# Help with Traynor



## mrmatt1972 (Apr 3, 2008)

Hi, I have a Traynor mark three (aka YGL-3a) that got quiet on me after a New years gig. It still works, but has no volume and no warmth. I changed the tubes and the speakers (sold the speakers) but no change. Also a little hiss is present. My SS 15 watt practice amp is louder and sounds better. I'm no tech (I can barely use a soldering iron) but I'd appreciate any diagnosis this forum can provide.

link to schem etc.: http://www.informatik.uni-bremen.de/~dace/vb/traynor_markiii_ygl3a_all.pdf

matt


----------



## Wild Bill (May 3, 2006)

mrmatt1972 said:


> Hi, I have a Traynor mark three (aka YGL-3a) that got quiet on me after a New years gig.
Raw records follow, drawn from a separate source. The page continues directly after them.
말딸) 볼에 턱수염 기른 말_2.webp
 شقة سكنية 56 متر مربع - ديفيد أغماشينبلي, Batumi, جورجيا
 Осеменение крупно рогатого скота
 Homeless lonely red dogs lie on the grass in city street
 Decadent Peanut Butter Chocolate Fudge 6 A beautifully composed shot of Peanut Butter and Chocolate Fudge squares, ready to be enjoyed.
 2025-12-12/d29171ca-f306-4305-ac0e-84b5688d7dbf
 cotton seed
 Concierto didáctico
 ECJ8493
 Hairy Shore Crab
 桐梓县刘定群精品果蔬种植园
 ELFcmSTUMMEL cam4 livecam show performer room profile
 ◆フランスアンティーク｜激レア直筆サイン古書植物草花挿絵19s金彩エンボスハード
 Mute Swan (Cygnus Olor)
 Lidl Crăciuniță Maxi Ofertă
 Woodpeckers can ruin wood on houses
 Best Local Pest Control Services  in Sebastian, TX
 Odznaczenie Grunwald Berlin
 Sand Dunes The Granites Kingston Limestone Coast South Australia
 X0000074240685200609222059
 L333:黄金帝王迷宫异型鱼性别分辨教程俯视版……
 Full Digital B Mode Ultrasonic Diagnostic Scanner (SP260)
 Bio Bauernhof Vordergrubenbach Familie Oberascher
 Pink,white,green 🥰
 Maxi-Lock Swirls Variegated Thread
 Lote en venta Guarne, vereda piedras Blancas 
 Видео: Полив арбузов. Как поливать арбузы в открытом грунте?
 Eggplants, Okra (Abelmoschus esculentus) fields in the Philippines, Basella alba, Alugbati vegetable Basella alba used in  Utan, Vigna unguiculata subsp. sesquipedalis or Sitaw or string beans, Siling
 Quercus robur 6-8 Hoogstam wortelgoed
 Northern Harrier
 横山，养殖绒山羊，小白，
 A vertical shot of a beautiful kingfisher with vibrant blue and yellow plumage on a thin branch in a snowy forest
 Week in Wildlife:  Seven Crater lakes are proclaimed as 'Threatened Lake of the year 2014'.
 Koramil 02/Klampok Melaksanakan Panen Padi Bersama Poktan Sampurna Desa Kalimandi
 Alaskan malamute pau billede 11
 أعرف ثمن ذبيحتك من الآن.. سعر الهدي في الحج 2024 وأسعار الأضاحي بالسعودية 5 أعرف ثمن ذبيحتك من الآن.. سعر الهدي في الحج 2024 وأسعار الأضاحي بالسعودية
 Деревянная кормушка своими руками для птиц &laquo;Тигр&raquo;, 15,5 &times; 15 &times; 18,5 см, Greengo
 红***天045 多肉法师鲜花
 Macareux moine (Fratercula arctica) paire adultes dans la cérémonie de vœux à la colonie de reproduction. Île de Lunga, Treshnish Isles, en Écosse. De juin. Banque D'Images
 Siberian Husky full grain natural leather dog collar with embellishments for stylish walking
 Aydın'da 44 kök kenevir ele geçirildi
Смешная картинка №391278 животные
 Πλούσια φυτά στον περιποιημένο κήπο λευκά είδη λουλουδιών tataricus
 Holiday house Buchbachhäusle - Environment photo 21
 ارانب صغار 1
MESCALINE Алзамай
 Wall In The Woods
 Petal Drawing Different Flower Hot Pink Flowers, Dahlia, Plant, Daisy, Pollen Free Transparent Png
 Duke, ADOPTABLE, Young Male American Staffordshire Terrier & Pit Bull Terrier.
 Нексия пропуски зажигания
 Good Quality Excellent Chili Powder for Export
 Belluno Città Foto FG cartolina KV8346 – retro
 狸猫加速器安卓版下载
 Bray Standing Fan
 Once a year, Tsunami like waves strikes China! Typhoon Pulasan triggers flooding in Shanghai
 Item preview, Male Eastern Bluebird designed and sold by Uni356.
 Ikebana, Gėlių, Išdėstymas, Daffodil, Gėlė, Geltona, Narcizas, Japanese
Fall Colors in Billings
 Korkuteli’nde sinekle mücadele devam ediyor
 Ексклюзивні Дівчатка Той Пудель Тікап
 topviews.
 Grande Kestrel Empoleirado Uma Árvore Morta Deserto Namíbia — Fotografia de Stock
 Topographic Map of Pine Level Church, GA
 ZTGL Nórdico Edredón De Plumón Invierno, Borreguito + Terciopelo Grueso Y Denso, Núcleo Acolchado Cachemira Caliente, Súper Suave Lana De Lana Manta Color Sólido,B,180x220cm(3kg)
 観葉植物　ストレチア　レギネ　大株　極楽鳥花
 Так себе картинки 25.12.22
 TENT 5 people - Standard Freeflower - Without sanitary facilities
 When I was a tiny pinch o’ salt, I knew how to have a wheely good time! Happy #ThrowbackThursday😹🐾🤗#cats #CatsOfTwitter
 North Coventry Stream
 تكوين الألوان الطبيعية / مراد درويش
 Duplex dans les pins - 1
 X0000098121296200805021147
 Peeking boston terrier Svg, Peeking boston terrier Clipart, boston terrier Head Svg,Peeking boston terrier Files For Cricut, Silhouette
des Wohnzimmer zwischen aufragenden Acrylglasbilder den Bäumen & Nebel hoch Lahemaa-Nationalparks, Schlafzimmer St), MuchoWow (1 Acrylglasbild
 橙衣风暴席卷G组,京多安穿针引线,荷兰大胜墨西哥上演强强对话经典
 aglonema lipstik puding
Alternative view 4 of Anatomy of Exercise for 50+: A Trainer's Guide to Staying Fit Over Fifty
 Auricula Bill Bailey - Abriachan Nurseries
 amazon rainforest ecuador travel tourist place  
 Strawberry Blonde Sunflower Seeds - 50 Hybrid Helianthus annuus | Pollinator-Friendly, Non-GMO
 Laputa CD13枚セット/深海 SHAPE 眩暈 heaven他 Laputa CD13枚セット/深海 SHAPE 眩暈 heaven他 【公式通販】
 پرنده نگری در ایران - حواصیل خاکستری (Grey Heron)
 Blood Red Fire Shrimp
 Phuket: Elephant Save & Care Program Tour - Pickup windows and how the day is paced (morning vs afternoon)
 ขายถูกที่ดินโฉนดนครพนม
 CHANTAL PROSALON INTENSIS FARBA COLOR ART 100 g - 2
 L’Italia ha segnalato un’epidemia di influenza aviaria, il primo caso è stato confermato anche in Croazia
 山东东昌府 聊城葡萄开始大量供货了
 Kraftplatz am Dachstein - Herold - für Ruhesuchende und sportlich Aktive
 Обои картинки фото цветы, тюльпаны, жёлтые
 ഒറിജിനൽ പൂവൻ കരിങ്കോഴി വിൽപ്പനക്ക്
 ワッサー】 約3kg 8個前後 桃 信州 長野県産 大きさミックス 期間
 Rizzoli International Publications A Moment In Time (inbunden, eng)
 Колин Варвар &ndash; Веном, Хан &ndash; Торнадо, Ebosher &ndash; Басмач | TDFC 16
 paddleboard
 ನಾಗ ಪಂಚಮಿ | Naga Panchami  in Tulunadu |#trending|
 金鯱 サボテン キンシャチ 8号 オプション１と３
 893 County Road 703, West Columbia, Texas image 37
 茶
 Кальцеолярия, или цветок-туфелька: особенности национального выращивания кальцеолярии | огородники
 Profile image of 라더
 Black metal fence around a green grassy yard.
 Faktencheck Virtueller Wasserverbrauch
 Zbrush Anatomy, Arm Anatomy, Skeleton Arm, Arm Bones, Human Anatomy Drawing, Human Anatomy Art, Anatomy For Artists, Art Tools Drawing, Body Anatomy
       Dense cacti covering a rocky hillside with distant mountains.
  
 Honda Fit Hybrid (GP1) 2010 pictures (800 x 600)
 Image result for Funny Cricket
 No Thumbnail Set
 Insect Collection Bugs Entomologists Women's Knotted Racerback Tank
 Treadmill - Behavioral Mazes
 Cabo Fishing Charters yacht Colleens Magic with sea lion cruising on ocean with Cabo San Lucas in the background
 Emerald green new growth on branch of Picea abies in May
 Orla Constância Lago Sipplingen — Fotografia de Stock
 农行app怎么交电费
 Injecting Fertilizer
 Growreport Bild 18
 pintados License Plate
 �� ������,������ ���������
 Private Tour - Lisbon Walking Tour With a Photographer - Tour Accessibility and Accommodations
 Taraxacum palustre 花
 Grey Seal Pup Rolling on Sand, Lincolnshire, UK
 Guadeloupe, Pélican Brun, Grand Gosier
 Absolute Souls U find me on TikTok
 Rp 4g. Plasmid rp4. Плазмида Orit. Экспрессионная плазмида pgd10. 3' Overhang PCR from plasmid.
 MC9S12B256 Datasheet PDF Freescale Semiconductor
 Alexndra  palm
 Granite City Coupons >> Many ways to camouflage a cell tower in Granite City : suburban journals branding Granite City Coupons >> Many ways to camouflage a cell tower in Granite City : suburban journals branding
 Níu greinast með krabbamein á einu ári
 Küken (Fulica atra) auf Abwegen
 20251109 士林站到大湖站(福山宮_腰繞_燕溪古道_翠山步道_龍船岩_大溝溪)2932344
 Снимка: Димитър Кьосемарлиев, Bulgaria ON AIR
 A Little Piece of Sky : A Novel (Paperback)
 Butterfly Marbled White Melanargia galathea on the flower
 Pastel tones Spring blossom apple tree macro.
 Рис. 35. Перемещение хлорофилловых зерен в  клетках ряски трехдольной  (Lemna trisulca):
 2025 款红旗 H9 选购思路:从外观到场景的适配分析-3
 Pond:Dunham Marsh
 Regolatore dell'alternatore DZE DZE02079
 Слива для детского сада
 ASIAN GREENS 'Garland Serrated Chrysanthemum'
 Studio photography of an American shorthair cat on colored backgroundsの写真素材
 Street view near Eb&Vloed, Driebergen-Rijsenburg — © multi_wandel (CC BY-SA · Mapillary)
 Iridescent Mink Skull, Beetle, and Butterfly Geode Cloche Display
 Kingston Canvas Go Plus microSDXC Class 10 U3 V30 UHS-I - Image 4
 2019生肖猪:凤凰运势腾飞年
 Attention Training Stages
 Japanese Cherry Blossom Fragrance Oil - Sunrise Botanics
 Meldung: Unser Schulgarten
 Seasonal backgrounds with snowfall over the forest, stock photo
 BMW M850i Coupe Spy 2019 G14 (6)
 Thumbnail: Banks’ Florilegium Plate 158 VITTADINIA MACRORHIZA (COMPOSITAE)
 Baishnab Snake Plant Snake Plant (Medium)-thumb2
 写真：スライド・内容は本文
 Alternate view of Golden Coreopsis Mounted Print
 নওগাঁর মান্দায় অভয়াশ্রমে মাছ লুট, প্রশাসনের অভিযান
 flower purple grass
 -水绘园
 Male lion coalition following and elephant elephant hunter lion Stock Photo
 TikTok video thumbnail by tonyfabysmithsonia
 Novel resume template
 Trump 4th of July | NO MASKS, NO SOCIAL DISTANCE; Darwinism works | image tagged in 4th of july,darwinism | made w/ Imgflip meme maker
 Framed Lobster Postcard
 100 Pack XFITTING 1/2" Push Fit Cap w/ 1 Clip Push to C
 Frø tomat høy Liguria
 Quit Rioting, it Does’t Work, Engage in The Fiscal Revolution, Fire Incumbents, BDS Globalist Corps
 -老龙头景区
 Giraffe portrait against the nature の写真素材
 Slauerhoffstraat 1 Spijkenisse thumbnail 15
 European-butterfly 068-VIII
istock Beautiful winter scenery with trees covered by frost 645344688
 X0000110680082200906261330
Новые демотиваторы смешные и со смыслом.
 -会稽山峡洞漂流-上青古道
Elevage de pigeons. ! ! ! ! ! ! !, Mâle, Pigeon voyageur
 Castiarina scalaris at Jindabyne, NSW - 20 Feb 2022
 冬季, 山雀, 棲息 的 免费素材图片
It still works, but has no volume and no warmth. I changed the tubes and the speakers (sold the speakers) but no change. Also a little hiss is present. My SS 15 watt practice amp is louder and sounds better. I'm no tech (I can barely use a soldering iron) but I'd appreciate any diagnosis this forum can provide.
> 
> link to schem etc.: http://www.informatik.uni-bremen.de/~dace/vb/traynor_markiii_ygl3a_all.pdf
> 
> matt


Well Matt, if it's not a tube it's obviously something wrong in the circuitry. That means it could be anything! There's no way somebody can tell you to just replace one specific capacitor or whatever.

It's like having a car that won't start. You know the battery is good. Nobody can know what's wrong until they lift the hood and start making some tests.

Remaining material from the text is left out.